There was a snafu with the electrodes and when we logged off, we found we were still connected. And not in a loving, mushy way of feeling joined with another soul but in a spooky, annoying way. I didn’t want to know how often he wanted to grab himself or how he wanted to know the number of marshmallows he could fit in his mouth at once. He didn’t want to know… well, do I really have to share my dark thoughts here? Can’t you just imagine a few? Remember, this story started with his comment about my brain being like a musty attic. Or something like that.

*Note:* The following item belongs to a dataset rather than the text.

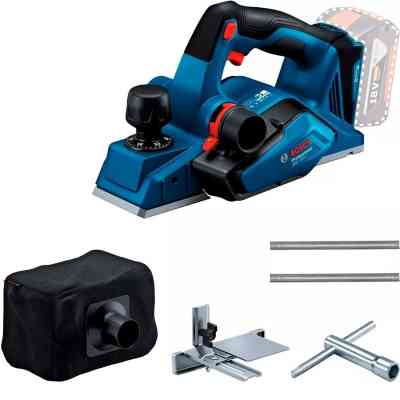 Электрорубанок Bosch GHO 185-LI, 18В, 82мм, строгание до 2.6мм, паз до 9мм (без АКБ и ЗУ) (0.601.5B5.021) Винница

So my ideas sold, movies grew more textured and there were novels that read like literary snuff films. My deranged thoughts were in high demand with an ever-growing segment of the patient population. Not just creative bohemians but white collar workers who wanted a glimpse at danger without putting themselves at risk. What started as an elite group who could afford the high test thoughts (and coincidentally they were the same people with the largest space for rent mentally) became an addiction for those who dabbled. They wanted dark. Odd. Scary. Otherwordly. Little romances about vampires and adventures about wizards weren’t enough of an escape for many.

So I toiled and wallowed a bit on the dark side. Funny how keeping myself in a dark place mentally was so easy and how it actually helped me lighten up in my real life, recall my dormant sense of humor. But that was hard for him to take. He really liked his version of Pleasantville. Being connected to me brought him success yes but also to a place he felt left him adrift. He once told me that he couldn’t get the image out of his head of walking through a never-ending corridor with flames at his back preventing turning around but with rushing water coming straight for him, threatening to drown him. He said he got that feeling every time he was near me. Not exactly roses and endearments a woman waits to hear.

We thought physical distance would help sever our bond. We parted briefly but were brought back together by forces stronger than any fiction. Our senses dulled by distance, we could still read each other’s thoughts from across the state. I no longer knew his every thought but I knew when he felt anger or fear or arousal. He knew when I felt joy or despair. There ultimately came a day when our wayward thoughts led us rushing back to each other, speeding on the highways in the blustery early spring. It may sound completely absurd, but our cars barreled toward each other. I could see through his eyes the landscape rushing by. He could see my view of his oncoming car. We smashed into each other and melded and fused in as many metal, grisly pieces as you can imagine. But our conjoined thoughts… they’re still there, in the ether. You may pick up on them sometimes when you have an odd thought or get scared on a sunny day.